INSTRUCTIONS TO FOLLOW :: Keep the pictures out. Restate the entries below word for word.

Collected data entries ::
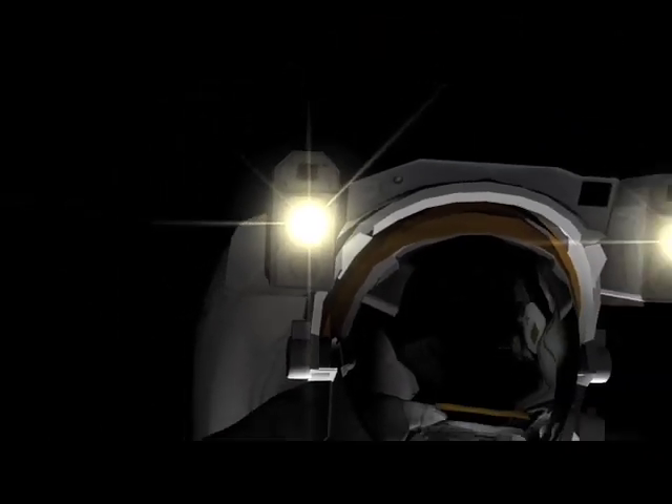Houston, we've had a problem here. This is Houston, say again, please. Houston, we've had a problem.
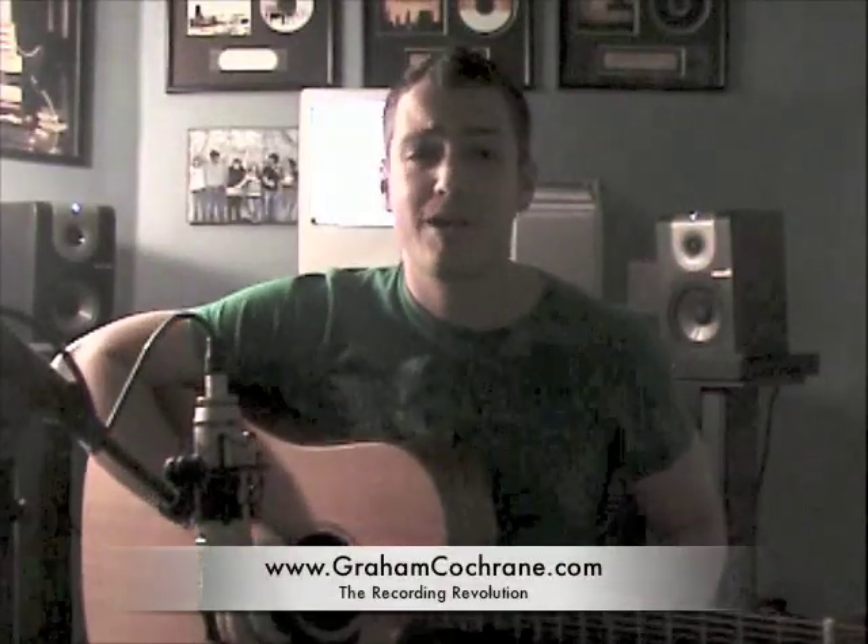Hey everybody, it's Graham over at GrahamCocker.com, hope you're having a great day. Today we're going to talk about acoustic guitar — specifically, how do you record this thing and get a good tone without a lot of fuss and without a lot of time. If you've been paying any attention to my blog, hopefully you already have a Pro Tools system. If not, you can use any other DAW. You've got a software recording system with a basic audio interface — one or two channels is fine.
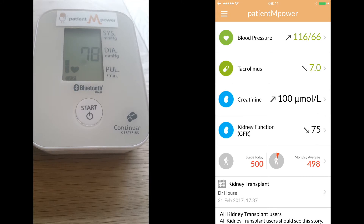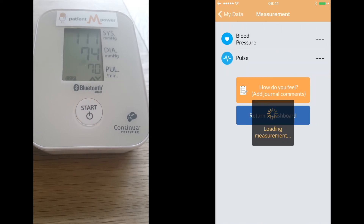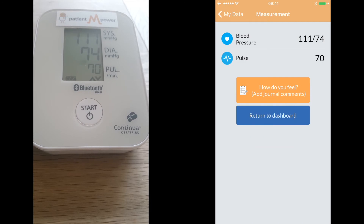Make sure you have the Patient Empower app open when conducting the measurement. When the measurement completes, the results will import automatically. At this stage, you can return to the dashboard, or you can also add a health journal to add comments about how you feel when you conducted the measurement.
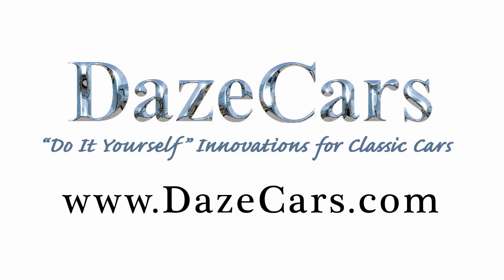If you like what you've seen, please click like. If you'd like to see more, please subscribe. Thanks for watching.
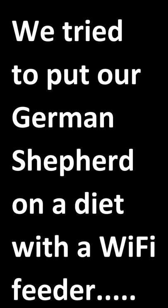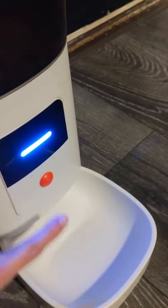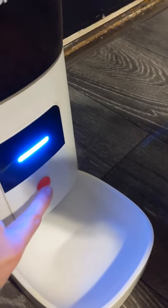We tried to put our German Shepherd on a diet using a Wi-Fi feeder. On this Wi-Fi feeder, you have to press it twice. If you press it once, nothing happens. You have to press it twice in order to get food out.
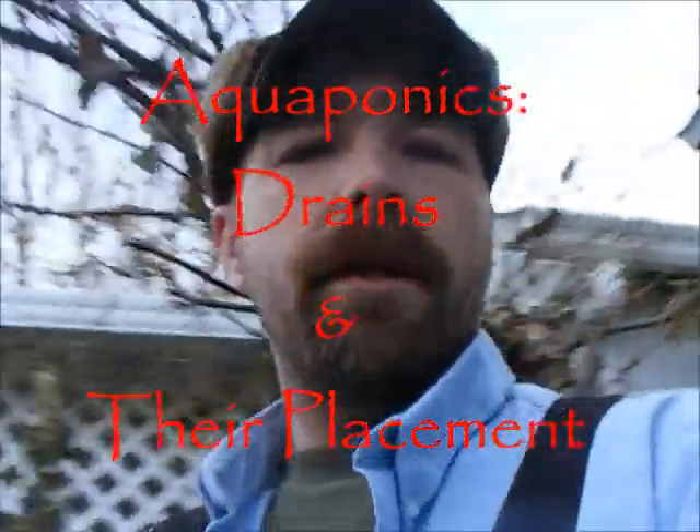Hello YouTubers. Today I want to take a step inside our greenhouse and talk to you a little bit about aquaponic drains and how important it is that you put them in just the right spot.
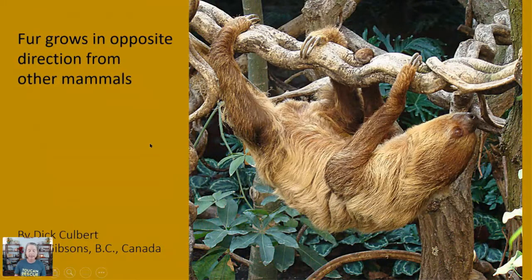Another unique thing about sloths is their fur grows in the opposite direction of other mammals. If you pet a dog from head to tail, the fur goes toward the back and belly. Sloths' fur lays in the opposite direction — toward their back — which helps shed water since they live in a very wet environment.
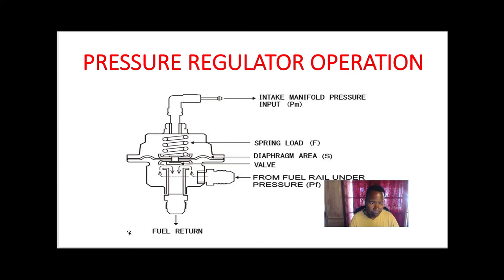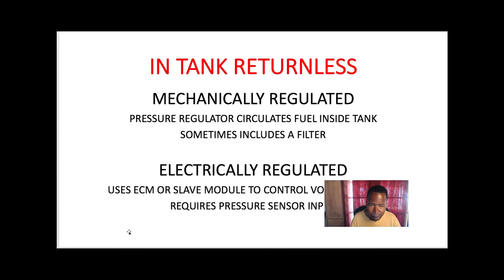So the regulator's job is to maintain a fuel pressure across the injectors with different loads. Now on newer cars, they do have regulators that are electrically controlled by voltage. The one we just saw is a mechanical pressure regulator — it circulates fuel inside the tank, sometimes including a filter.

TASK OUTPUT ::
Houston, we've had a problem here. This is Houston, say again, please. Houston, we've had a problem.
Hey everybody, it's Graham over at GrahamCocker.com, hope you're having a great day. Today we're going to talk about acoustic guitar — specifically, how do you record this thing and get a good tone without a lot of fuss and without a lot of time. If you've been paying any attention to my blog, hopefully you already have a Pro Tools system. If not, you can use any other DAW. You've got a software recording system with a basic audio interface — one or two channels is fine.
Make sure you have the Patient Empower app open when conducting the measurement. When the measurement completes, the results will import automatically. At this stage, you can return to the dashboard, or you can also add a health journal to add comments about how you feel when you conducted the measurement.
If you like what you've seen, please click like. If you'd like to see more, please subscribe. Thanks for watching.
We tried to put our German Shepherd on a diet using a Wi-Fi feeder. On this Wi-Fi feeder, you have to press it twice. If you press it once, nothing happens. You have to press it twice in order to get food out.
Hello YouTubers. Today I want to take a step inside our greenhouse and talk to you a little bit about aquaponic drains and how important it is that you put them in just the right spot.
Another unique thing about sloths is their fur grows in the opposite direction of other mammals. If you pet a dog from head to tail, the fur goes toward the back and belly. Sloths' fur lays in the opposite direction — toward their back — which helps shed water since they live in a very wet environment.
So the regulator's job is to maintain a fuel pressure across the injectors with different loads. Now on newer cars, they do have regulators that are electrically controlled by voltage. The one we just saw is a mechanical pressure regulator — it circulates fuel inside the tank, sometimes including a filter.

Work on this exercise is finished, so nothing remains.